In the records below, find the line that contains "Woman wearing a" and the line that contains "The historic Yaphank", then retype exactly those two lines and every line between them.

RECORDS TO PROCESS:
• • • •

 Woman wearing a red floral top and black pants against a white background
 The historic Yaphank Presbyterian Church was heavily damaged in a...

• • • •

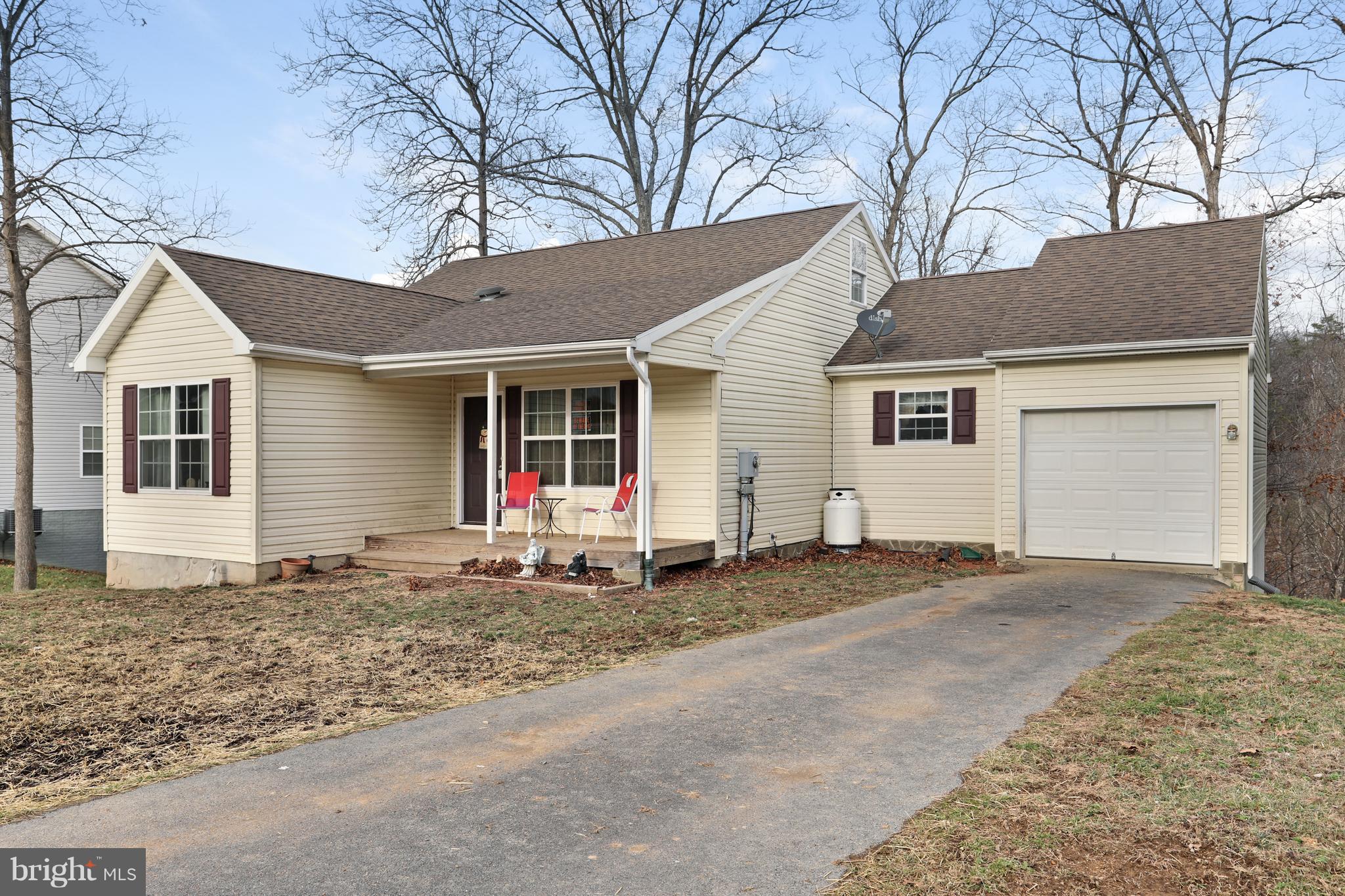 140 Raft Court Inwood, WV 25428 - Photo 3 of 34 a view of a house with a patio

• • • •

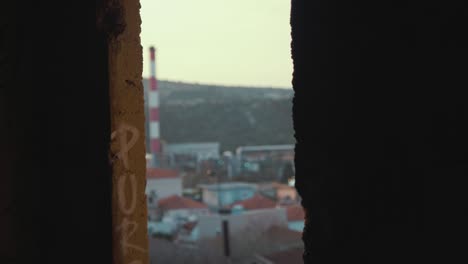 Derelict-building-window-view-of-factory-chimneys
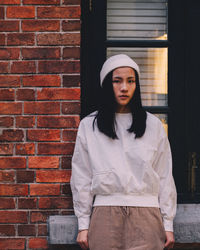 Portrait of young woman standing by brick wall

• • • •

SOLUTION:
 Woman wearing a red floral top and black pants against a white background
 The historic Yaphank Presbyterian Church was heavily damaged in a...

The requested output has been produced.